Malgré la peur que leurs enfants soient aussi atteints de surdité et la crainte que leur handicap soit une barrière dans leur rôle de parents, Kemraj et Surekha ont toujours rêvé de fonder une famille et il faut dire que leur surdité ne les empêche pas d’être de bons parents. Ils ont été heureux d’apprendre que leurs filles étaient toutes les deux entendantes. «Au début, quand elles n’étaient encore que des bébés, j’avais peur de ne pas être à la hauteur, de ne pas les entendre pleurer, de ne pas savoir quand elles avaient faim. Mais heureusement, tout s’est bien passé. Ma famille était à mes côtés et Deeraj a fait venir un appareil spécial de l’étranger pour m’aider», explique la mère de famille en langage des signes.

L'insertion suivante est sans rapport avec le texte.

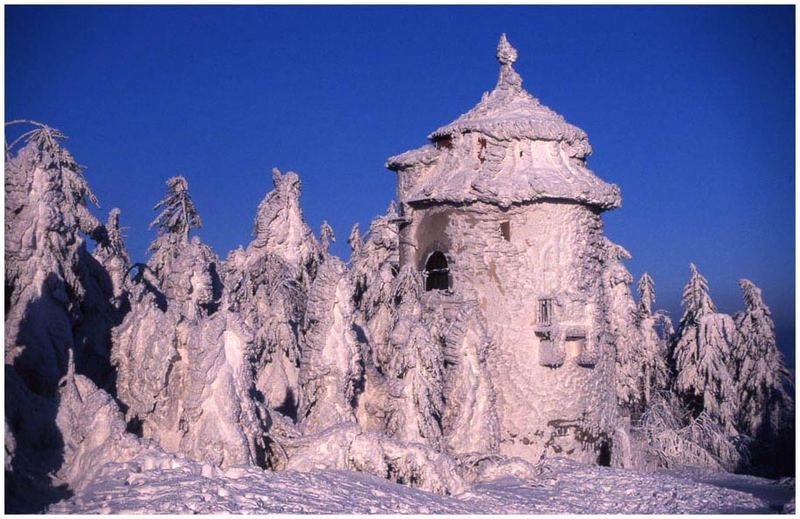 Winter an der böhmischen Grenze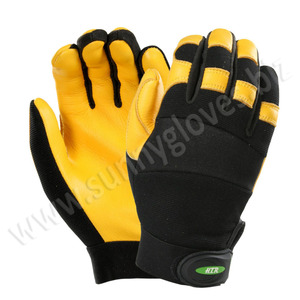 Soft Leather Safety Hand Protective Mechanic Gloves - Product Image 6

Cet appareil technologique conçu spécialement pour les sourds est appelé le babyphone. Celui-ci agit comme un talkie-walkie. Selon l’intensité des pleurs de bébé, l’appareil vibre et émet des flashs lumineux qui alertent la maman. Au fil des années, les codes qui les permettent de communiquer entre eux se sont installés au sein de la famille. Kemraj et Surekha, comme tous les sourds-muets, lisent parfaitement sur les lèvres. Les deux fillettes, conscientes du handicap de leurs parents, mènent une vie tout à fait normale. Cajolées et choyées, elles sont les petites princesses de la famille et égaient la vie de leurs parents.
Samantha et Johan : Une love story au-delà des différences
Depuis qu’ils se sont trouvés, Samantha Hector, 20 ans, et Johan Niemand, un Sud-Africain, ne se quittent plus. Leur histoire commence en 2014 en Afrique du Sud. La jeune Mauricienne vient d’y recevoir le titre de Miss Africa Deaf, un concours de beauté réservé aux jeunes filles sourdes et muettes de la région de l’océan Indien. Elle y décroche aussi une bourse d’études de quatre ans dans une école spécialisée, le National Institute For The Deaf. Un nouveau challenge pour une jeune fille ambitieuse, pour qui la surdité n’est pas une fatalité.
Son visage ne vous est pas inconnu. Outre ce concours de beauté, elle a beaucoup voyagé pour diverses compétitions, notamment aux Seychelles pour les Jeux des îles ou en Corée du Sud pour une compétition réunissant des sourds-muets de différents pays. Parmi ses activités favorites : la danse, sa plus grande passion. «Je ne me sens pas différente des autres. J’aime bouger, être active, me lancer des défis. Je veux utiliser mon expérience pour venir en aide à ceux qui se découragent à cause de leur handicap et lutter contre les discriminations. Je veux leur donner de l’espoir et leur dire que tout est possible. J’espère qu’à travers moi, ils prendront conscience que tout le monde a un talent et qu’il faut aller au bout de ses rêves», nous disait-elle lors de notre dernière rencontre.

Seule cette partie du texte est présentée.